**Task requirements:**
Would you transcribe the records below from the line with "Basically the way" to the line with "Preheat a saucepan", ends included, exactly and with nothing more, leaving the pictures out?
--- Supplied records ---
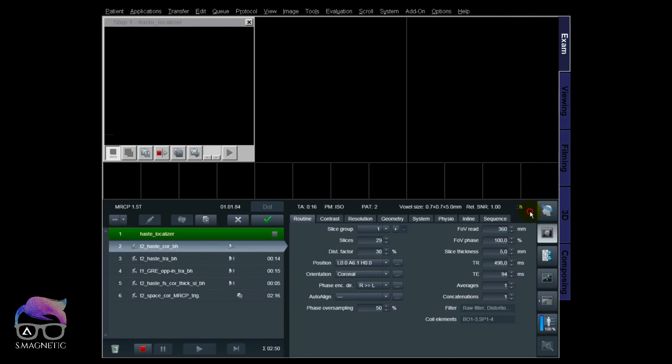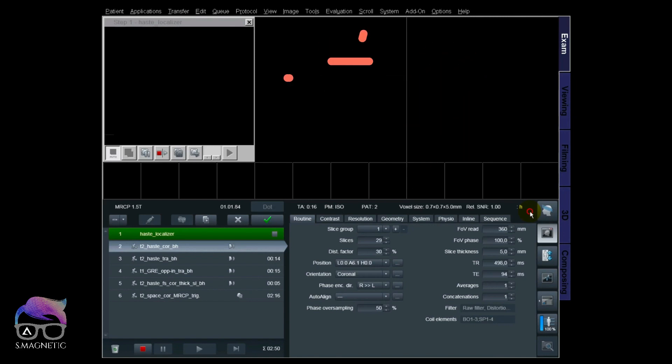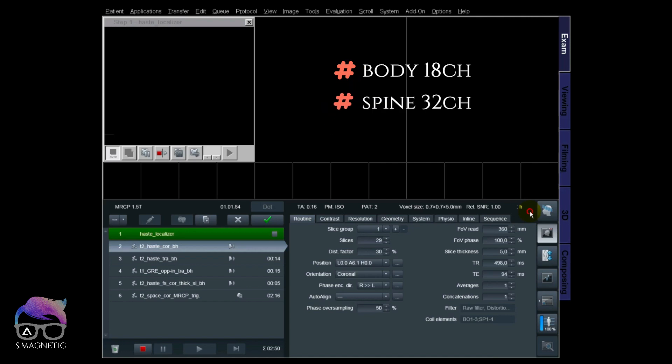Let's get started. We are currently at the 1.5 Tesla scanner. I'm using a body 18-channel coil combined with a 32-channel coil.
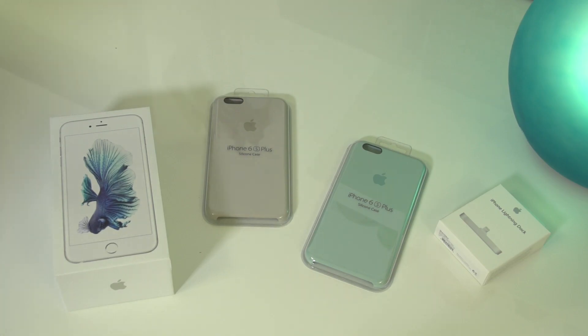What's up guys, Rory Reid from Recombu here. We've just got our hands on the brand new iPhone 6S Plus, along with some accessories.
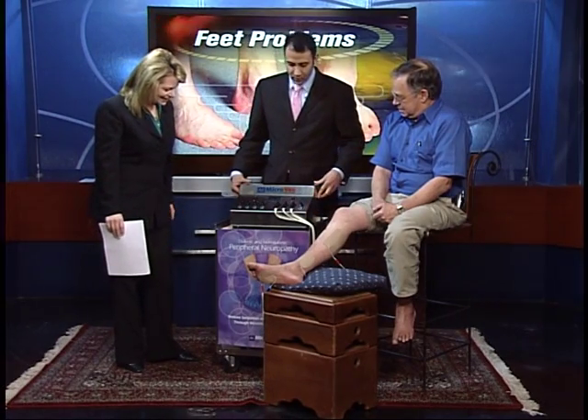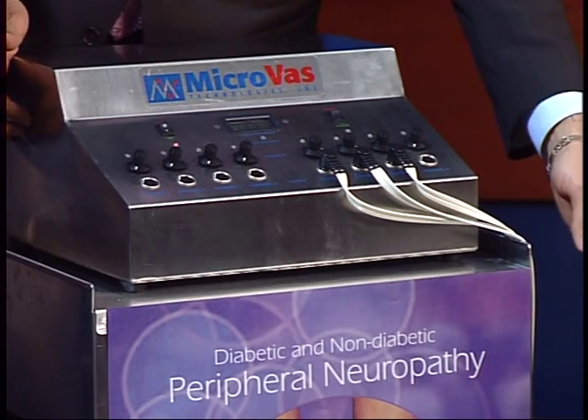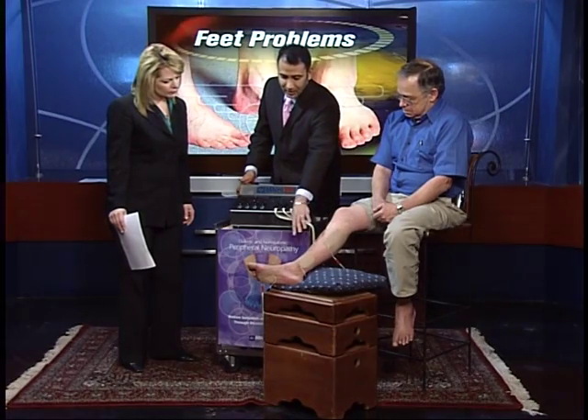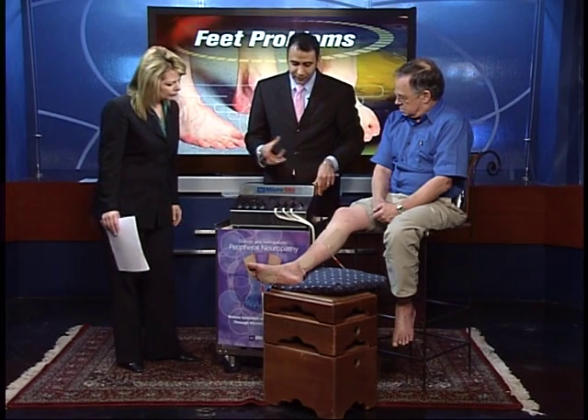Basically the way the machine works is it allows for electric stimulation to the patient's muscles. This is a biphasic system — a patented system which allows electric current to go through these pads. We usually have them up on the thighs, the calf, ankle, and the foot. It allows for muscle contraction.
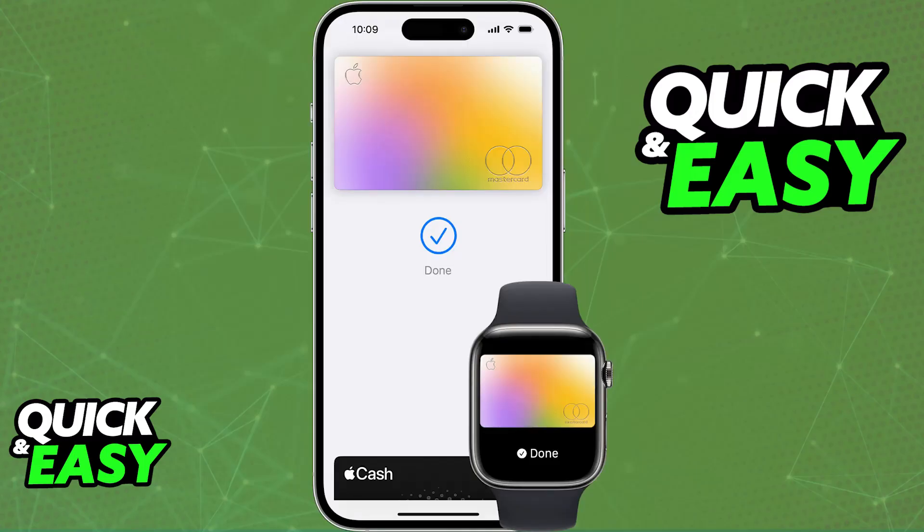If you bring the top of your iPhone near a contactless payment reader, you will be able to choose one of the cards attributed to your wallet and confirm the payment. This is how you do contactless payments using your phone by touching it near the reader.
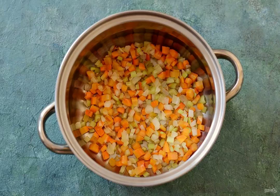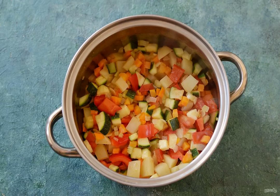Preheat a saucepan with a thick bottom. Fry the onion, carrot, and celery in oil for about 5 to 6 minutes, stirring constantly. Then reduce the temperature to a minimum.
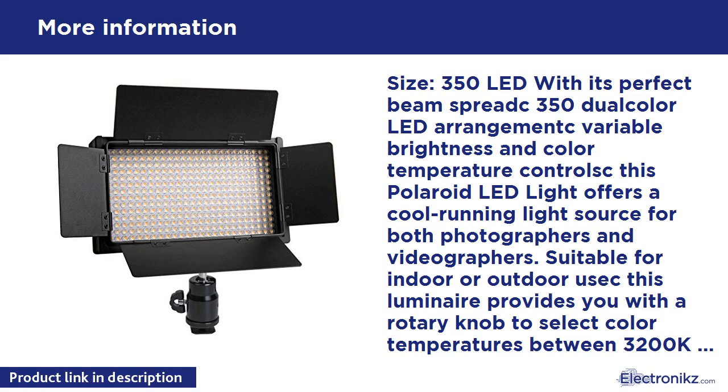A unique mounting design allows multiple LED lights to be connected to enhance your shooting. Carrying case included for easy transport and storage. Package includes: 350 LED light head, two lithium-ion batteries, dual battery charger, swivel head mounting adapter, barn door set, diffusion filter, carry case, AC adapter, DC adapter, UK plug adapter, EU plug adapter, and manual.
---
**Exercise output:**
Basically the way the machine works is it allows for electric stimulation to the patient's muscles. This is a biphasic system — a patented system which allows electric current to go through these pads. We usually have them up on the thighs, the calf, ankle, and the foot. It allows for muscle contraction.
If you bring the top of your iPhone near a contactless payment reader, you will be able to choose one of the cards attributed to your wallet and confirm the payment. This is how you do contactless payments using your phone by touching it near the reader.
Preheat a saucepan with a thick bottom. Fry the onion, carrot, and celery in oil for about 5 to 6 minutes, stirring constantly. Then reduce the temperature to a minimum.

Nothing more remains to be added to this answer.